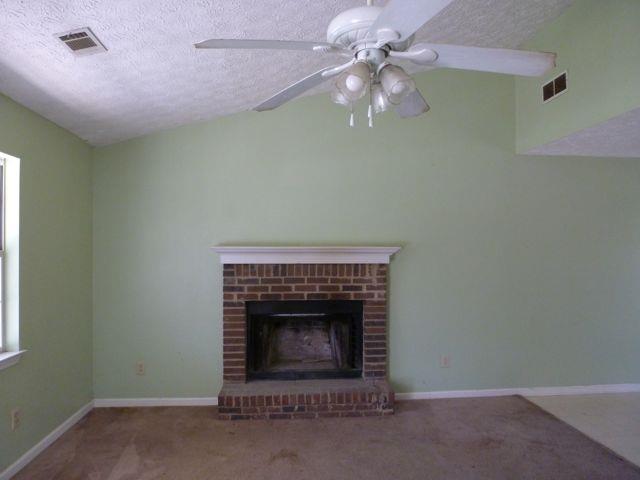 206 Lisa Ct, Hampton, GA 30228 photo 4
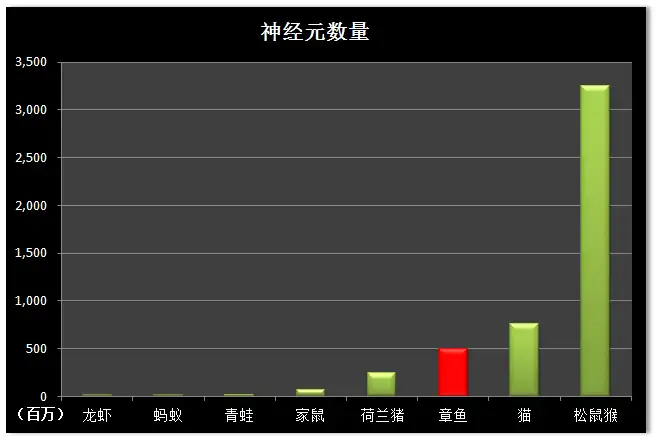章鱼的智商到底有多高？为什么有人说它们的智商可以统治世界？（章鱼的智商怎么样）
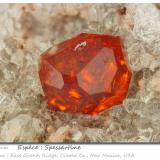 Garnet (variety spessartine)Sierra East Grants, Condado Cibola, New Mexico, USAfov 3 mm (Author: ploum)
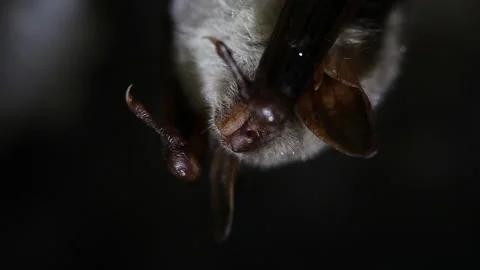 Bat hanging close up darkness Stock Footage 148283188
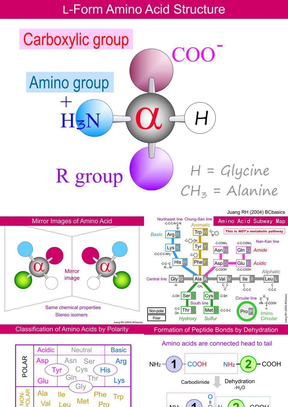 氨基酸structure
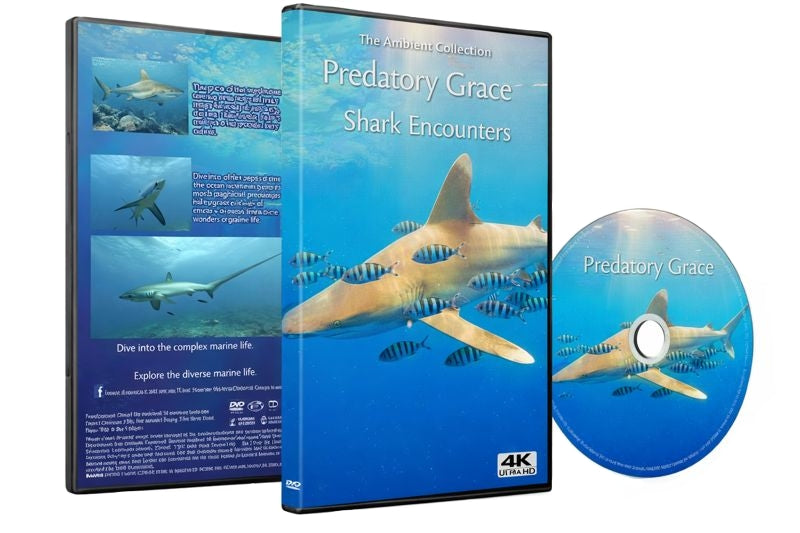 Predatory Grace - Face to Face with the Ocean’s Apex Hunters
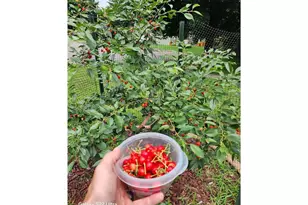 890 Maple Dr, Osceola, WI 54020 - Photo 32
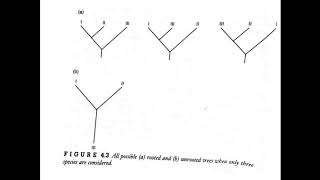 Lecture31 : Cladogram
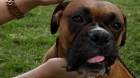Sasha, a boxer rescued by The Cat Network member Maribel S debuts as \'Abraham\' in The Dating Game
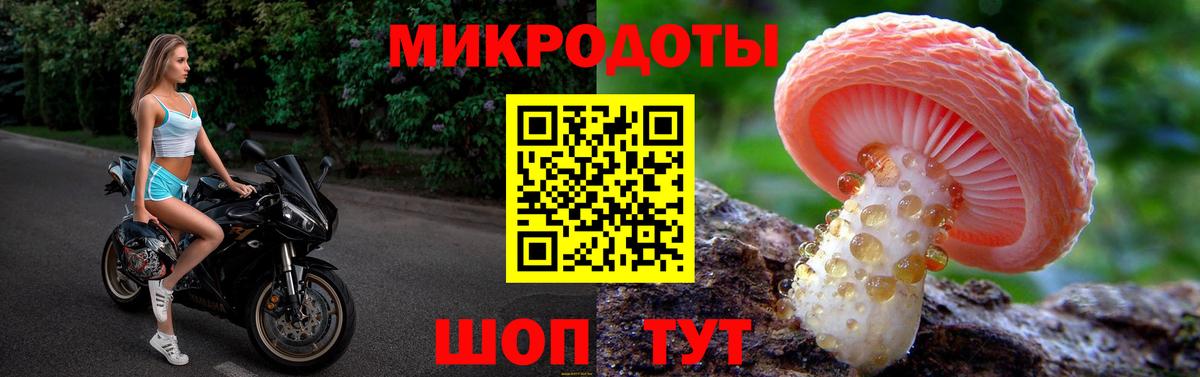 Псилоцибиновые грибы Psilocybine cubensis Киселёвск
-------
# INSTRUCTIONS TO FOLLOW:
Write out each line of the data exactly; the images should be left out.

# RESULT BELOW:
 206 Lisa Ct, Hampton, GA 30228 photo 4
章鱼的智商到底有多高？为什么有人说它们的智商可以统治世界？（章鱼的智商怎么样）
 Garnet (variety spessartine)Sierra East Grants, Condado Cibola, New Mexico, USAfov 3 mm (Author: ploum)
 Bat hanging close up darkness Stock Footage 148283188
 氨基酸structure
 Predatory Grace - Face to Face with the Ocean’s Apex Hunters
 890 Maple Dr, Osceola, WI 54020 - Photo 32
 Lecture31 : Cladogram
Sasha, a boxer rescued by The Cat Network member Maribel S debuts as \'Abraham\' in The Dating Game
 Псилоцибиновые грибы Psilocybine cubensis Киселёвск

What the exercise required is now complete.